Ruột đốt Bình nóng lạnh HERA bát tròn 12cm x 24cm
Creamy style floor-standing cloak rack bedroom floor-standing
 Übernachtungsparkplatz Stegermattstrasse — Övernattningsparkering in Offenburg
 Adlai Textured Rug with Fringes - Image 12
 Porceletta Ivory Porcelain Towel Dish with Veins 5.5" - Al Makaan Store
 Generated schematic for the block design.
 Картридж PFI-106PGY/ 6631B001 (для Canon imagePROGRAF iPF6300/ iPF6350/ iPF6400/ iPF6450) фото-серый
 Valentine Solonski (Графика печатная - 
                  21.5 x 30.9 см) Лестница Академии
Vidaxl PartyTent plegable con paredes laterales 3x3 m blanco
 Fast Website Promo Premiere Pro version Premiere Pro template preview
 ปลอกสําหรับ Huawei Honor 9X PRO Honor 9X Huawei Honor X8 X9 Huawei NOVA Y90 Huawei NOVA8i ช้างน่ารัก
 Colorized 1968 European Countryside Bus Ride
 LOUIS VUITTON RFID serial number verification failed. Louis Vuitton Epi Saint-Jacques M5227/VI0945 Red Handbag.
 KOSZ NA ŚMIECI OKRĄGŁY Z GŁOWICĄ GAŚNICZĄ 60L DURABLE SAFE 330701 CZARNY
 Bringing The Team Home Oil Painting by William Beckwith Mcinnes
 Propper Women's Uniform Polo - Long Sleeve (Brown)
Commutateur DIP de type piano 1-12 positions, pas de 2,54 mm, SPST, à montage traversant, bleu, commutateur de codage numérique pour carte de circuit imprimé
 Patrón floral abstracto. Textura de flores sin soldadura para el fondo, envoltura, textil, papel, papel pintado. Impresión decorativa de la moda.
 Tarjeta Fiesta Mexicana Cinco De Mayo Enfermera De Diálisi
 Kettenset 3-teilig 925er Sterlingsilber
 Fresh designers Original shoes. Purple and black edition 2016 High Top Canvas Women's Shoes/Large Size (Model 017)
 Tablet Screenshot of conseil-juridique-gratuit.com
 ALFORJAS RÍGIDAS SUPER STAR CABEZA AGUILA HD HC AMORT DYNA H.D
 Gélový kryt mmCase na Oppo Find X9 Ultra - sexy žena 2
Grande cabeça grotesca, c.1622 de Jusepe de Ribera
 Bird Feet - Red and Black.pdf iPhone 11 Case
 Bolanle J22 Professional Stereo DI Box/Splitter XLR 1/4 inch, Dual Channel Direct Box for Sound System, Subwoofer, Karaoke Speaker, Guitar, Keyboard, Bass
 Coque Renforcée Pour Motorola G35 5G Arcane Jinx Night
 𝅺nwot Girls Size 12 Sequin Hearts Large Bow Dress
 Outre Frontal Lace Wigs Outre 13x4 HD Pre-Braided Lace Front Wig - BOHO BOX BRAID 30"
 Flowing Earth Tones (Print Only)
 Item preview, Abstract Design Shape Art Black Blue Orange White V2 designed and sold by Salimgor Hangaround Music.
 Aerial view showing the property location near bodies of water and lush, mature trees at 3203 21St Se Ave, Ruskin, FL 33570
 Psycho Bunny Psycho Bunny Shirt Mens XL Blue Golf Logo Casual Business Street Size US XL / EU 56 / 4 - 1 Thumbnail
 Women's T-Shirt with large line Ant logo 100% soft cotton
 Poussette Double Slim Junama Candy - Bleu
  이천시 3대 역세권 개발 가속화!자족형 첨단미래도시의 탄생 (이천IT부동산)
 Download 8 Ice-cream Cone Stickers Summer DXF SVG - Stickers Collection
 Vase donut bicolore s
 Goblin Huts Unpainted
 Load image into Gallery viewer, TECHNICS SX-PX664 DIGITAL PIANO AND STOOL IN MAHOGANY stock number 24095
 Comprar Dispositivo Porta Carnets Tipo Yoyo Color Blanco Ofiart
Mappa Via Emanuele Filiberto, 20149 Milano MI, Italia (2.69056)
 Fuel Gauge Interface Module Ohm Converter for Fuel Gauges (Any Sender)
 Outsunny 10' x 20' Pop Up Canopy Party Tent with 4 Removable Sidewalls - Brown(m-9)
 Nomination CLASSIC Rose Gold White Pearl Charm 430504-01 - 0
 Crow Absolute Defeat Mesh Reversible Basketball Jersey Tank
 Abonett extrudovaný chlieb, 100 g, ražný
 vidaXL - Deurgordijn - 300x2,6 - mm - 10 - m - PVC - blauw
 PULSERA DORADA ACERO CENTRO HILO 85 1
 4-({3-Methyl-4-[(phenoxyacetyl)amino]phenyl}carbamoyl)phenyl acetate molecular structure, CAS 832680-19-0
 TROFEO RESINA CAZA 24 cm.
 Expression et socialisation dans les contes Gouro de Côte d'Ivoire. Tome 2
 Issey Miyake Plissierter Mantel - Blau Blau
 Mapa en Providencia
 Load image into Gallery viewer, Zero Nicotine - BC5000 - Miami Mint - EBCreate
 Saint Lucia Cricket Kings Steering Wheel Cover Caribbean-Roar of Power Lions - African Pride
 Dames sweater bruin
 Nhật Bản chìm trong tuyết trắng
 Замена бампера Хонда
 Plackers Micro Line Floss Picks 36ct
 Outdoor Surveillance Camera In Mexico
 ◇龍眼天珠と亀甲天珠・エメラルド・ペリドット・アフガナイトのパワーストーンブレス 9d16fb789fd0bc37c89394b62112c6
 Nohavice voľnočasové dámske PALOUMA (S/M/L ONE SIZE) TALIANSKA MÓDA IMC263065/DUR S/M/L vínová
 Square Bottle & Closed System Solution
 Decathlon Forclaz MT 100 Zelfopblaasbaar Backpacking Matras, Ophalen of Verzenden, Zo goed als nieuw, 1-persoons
++++++
* **ASSIGNED TASK**
Above are the records; copy exactly the lines from the line with "TROFEO RESINA CAZA 24 cm." through the line with "Plackers Micro Line Floss Picks 36ct", both included.

* **REPLY**
 TROFEO RESINA CAZA 24 cm.
 Expression et socialisation dans les contes Gouro de Côte d'Ivoire. Tome 2
 Issey Miyake Plissierter Mantel - Blau Blau
 Mapa en Providencia
 Load image into Gallery viewer, Zero Nicotine - BC5000 - Miami Mint - EBCreate
 Saint Lucia Cricket Kings Steering Wheel Cover Caribbean-Roar of Power Lions - African Pride
 Dames sweater bruin
 Nhật Bản chìm trong tuyết trắng
 Замена бампера Хонда
 Plackers Micro Line Floss Picks 36ct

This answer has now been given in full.